Monday, October 15, 2007

i need to vent.... no, i actually need to rant!!!

My week has started off not as well as i expected. didn't get the job, freak that, didn't even get a chance for a second interview for the job that i wanted with Target. i'm really discouraged right now. it seems as if everything gets worse before it gets better. Graduation money is running out so when December rolls around i won't be able to make my insurance payments the way things are looking.

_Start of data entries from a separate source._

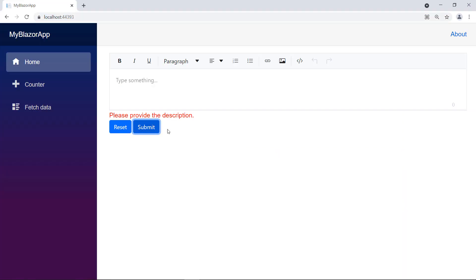Click the Submit button without typing value in the RTE. It shows the custom error message. Please provide the description. Let me type a few characters and move out of the RTE scope. It shows the custom error message. Please enter at least 20 characters.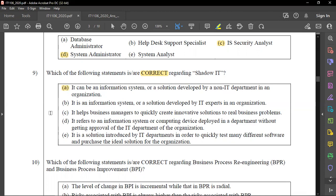Shadow IT is an information system or solution developed using IT expertise within organizations, through in-house development. It helps business management quickly create innovative solutions to real business problems. That's why we talk about innovative solutions and whether they come from IT or non-IT people.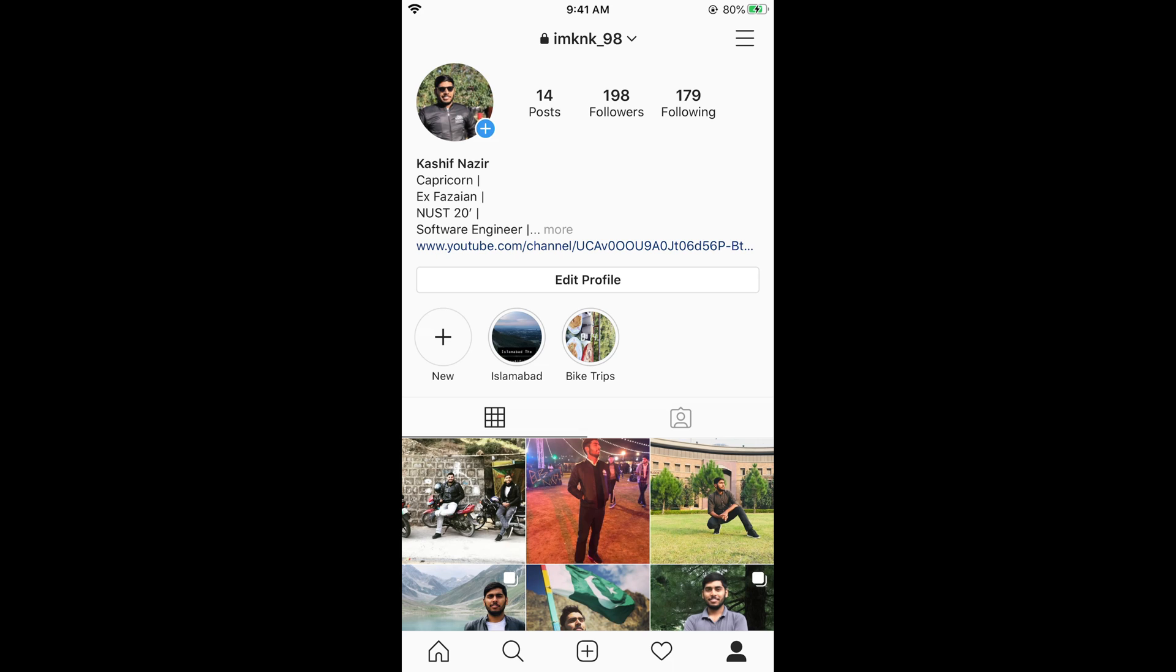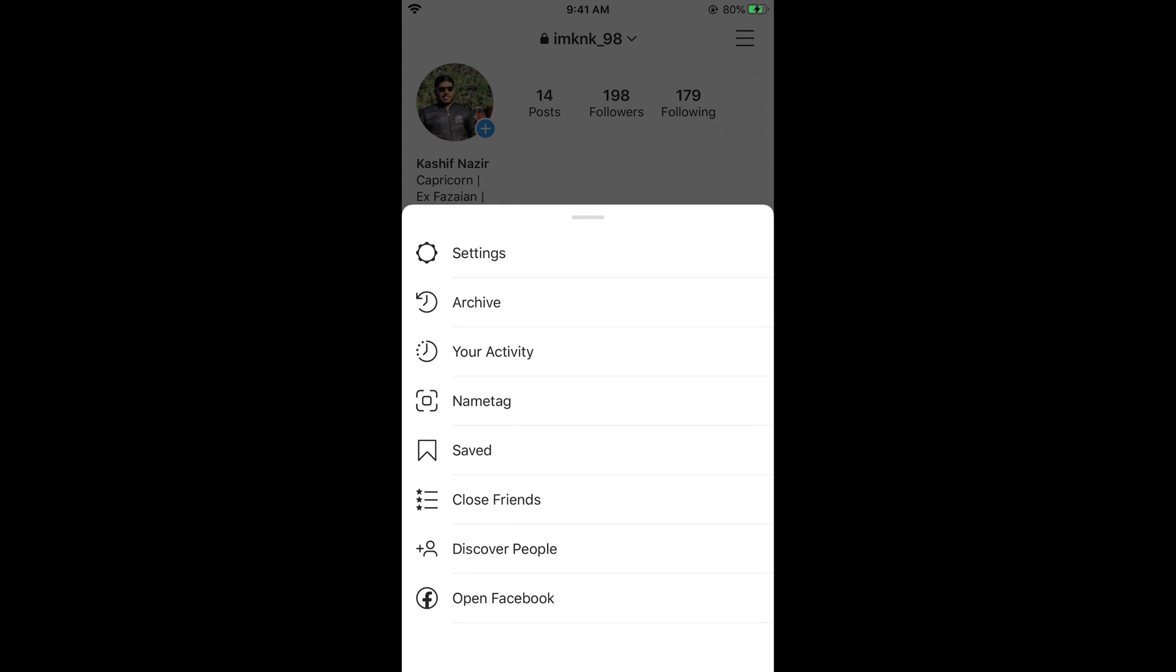Once you are in your profile simply go and tap on these three dots at the right top corner. Now tap on settings.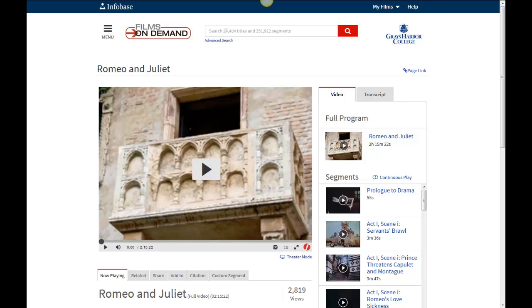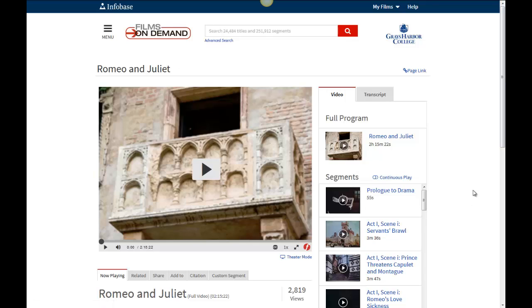You can search, and you can also do an advanced search. It doesn't just search by title — it also searches the segments. So if you have a long video that has a segment that might be useful to you, you can find it that way by doing a search in the Films on Demand database. That's a little overview of our Films on Demand.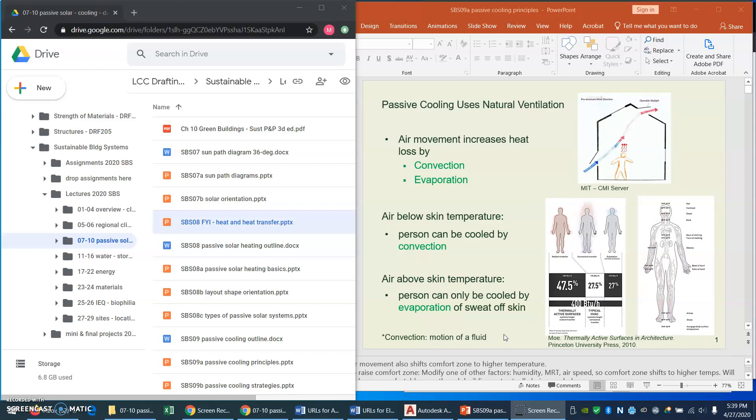Now we're going to look at cooling a building with passive cooling, which means not using mechanical equipment but using the building itself as the system.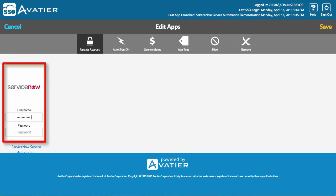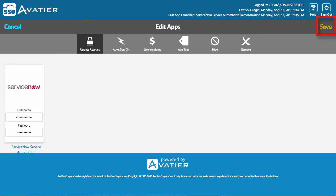In the fields, enter your ServiceNow account username and password. Then select Save to enable Single Sign-On.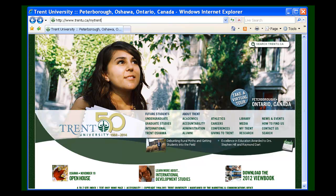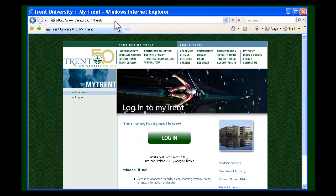The MyTrent portal can be accessed by clicking on the MyTrent link at the right of the page. Alternatively, you can access MyTrent by typing in the address bar www.trentu.ca. Once on the MyTrent page, you'll notice that on this and other pages of the Trent website, the MyTrent link can now be found at the top of the page, as seen here.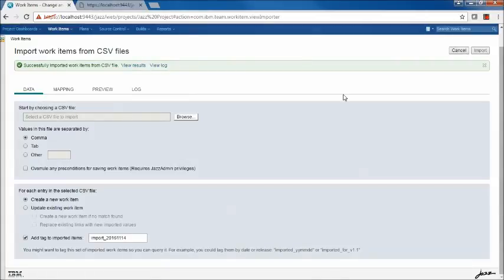This concludes the demo of the work item import tool. The key takeaway is that you can use the preview operation and mapping to iteratively work through problems with your import file before actually performing the import. I hope this was helpful — thank you.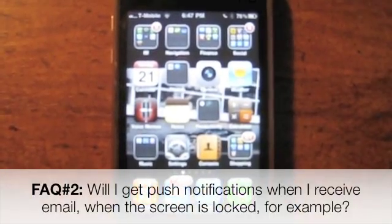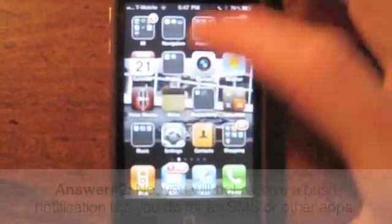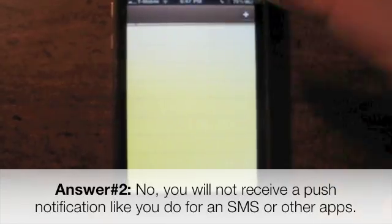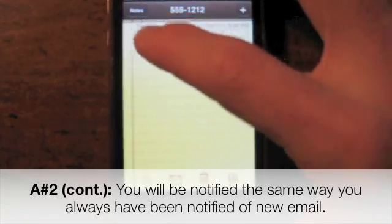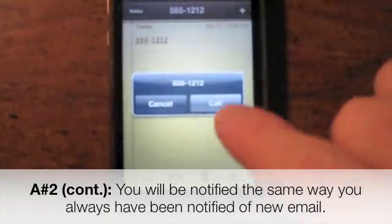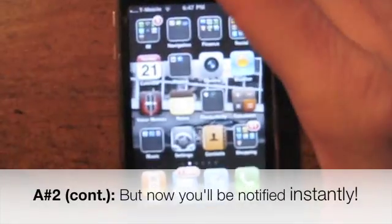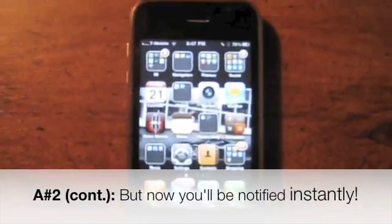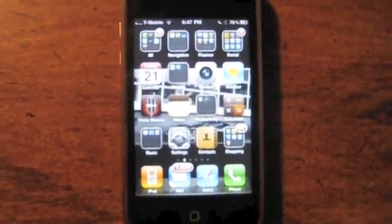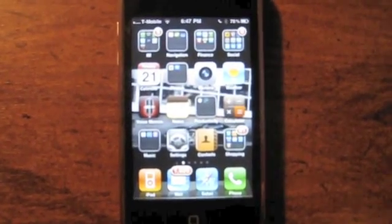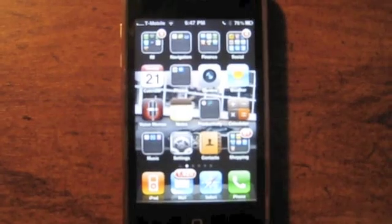Second question: will I get push notifications when I get an email while the phone is locked? You're not going to get a push email notification like an SMS popping up on screen. That's because push notifications and push email are completely different things - push just means you get the email instantly. The notifications the iPhone gives are separate from this email setup.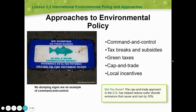Approaches to environmental policies: command and control, tax breaks and subsidies, green taxes, cap and trade, and local incentives. Did you know the cap and trade approach in the U.S. has helped reduce sulfur dioxide emissions that cause acid rain by 35 percent?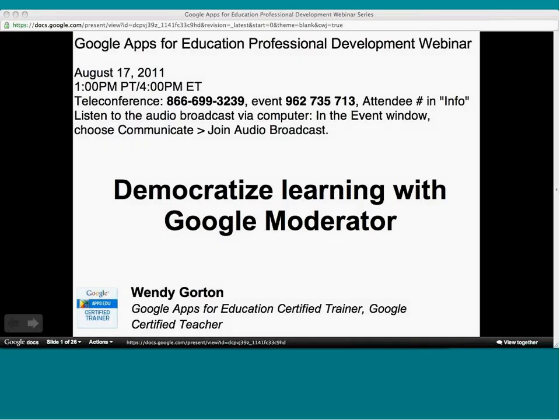This webinar is on using Google Moderator in the classroom, associated with Google Apps for Education, and is led by Google Certified Teacher and Google Apps for Education Certified Trainer, Wendy Gorton.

I have another Americredit interview on Wenesday so i'm praying for that one. it pays way more and tuition reimbursment after year, that can put me through grad school. thinking about doing the overseas thing after summer of 08. i should do it, it would make me happier. we shall see what is instore for me.
On a lighter note, i'm at 176.5 pds now, that brings me at a total loss of 45.5 pds. weight loss seems to be the only thing that is going right in my life right now. maybe because it has been one of the major obstacles of my life!!!
I've been ranting too much!!

Tuesday, October 09, 2007

Despair!

Life, in general, is getting the best of me!!
Stuck at a dead end job.
A Degree is nothing but a piece of paper!!
Job searching since July has drained me.
Monster, HotJobs or CareerBuilder are no good in my eyes.

Monday, October 08, 2007

Self doubt!!

I'm doubting myself right now, or should i say that i'm doubting what God can do for me right now. I really don't know what to expect from life!!! I'm drained and i don't know why!!!

Tuesday, October 02, 2007

i don't fit in!

i don't fit in. i don't know where i fit in. at this point, i really could care less.
and it still seems to bother me that i don't fit in.
too sensitive!!

Monday, October 01, 2007

Prayers answered in unconvential means!!!

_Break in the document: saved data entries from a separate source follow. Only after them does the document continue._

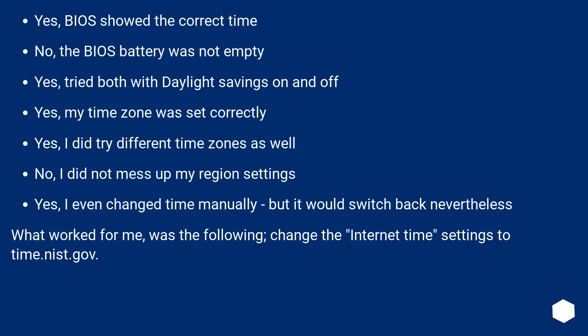Yes, BIOS showed the correct time. No, the BIOS battery was not empty. Yes, tried both with Daylight Savings on and off. Yes, my time zone was set correctly.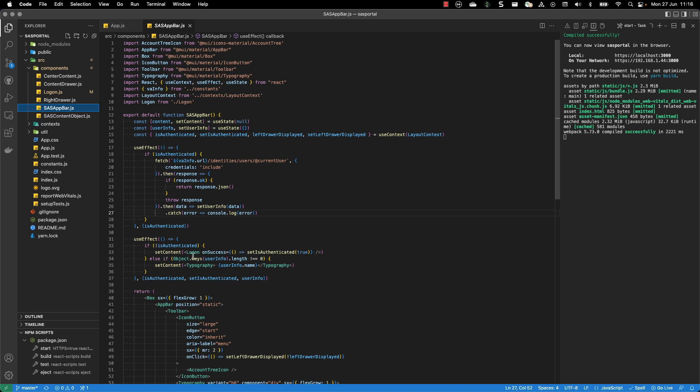It displays the login button if the user is not authenticated, or it displays the user info if the user is authenticated.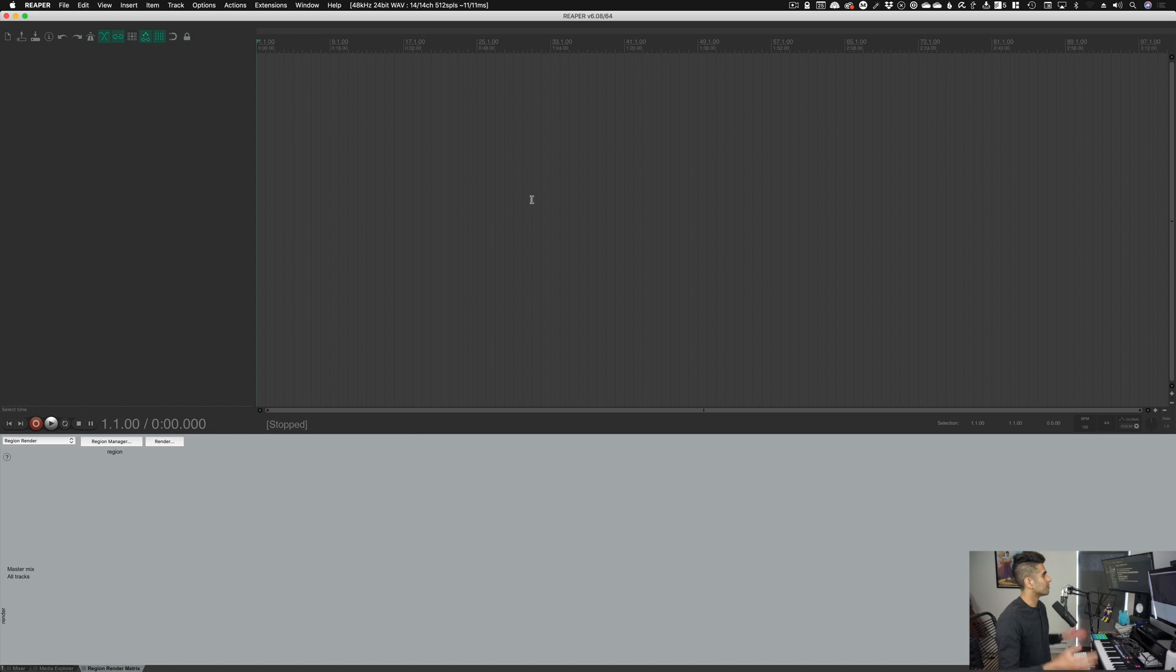Hello. In today's video, we're going to do some bonus setup when it comes to Reaper. You don't necessarily need to go through this, but I recommend you do, especially if you want to use Reaper as your main DAW. It's optional, but there's some good stuff in here that you might want to turn on and off. So let's get into it.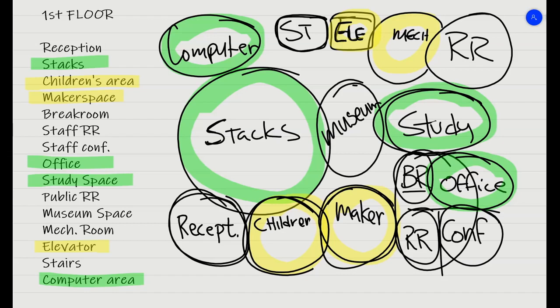This lets you think about how do you have the spaces grouped together in a way that makes sense. So that's a real quick run-through on doing the bubble diagram.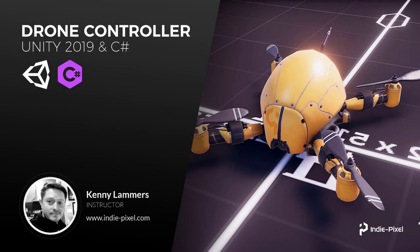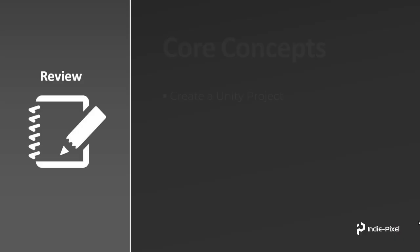Howdy guys, welcome to the drone controller mini course. In this course, we are going to build out a basic drone controller using the rigidbody inside of Unity.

I believe that all the praying that I have been doing to obtain a better job has been answered. Lets cross our fingers. Eventhough the job is not as great as i want it to be, all that matters is that God answered my prayers!! It might not be the job that i wanted, but it is still a job that is going to pay me more than i am getting paid now. It is a job that provides benefits, a quarterly bonus and tuition reimbursement. I might be going to grad school sooner than expected because of that!! So i will continue you to scream that "GOD IS GOOD".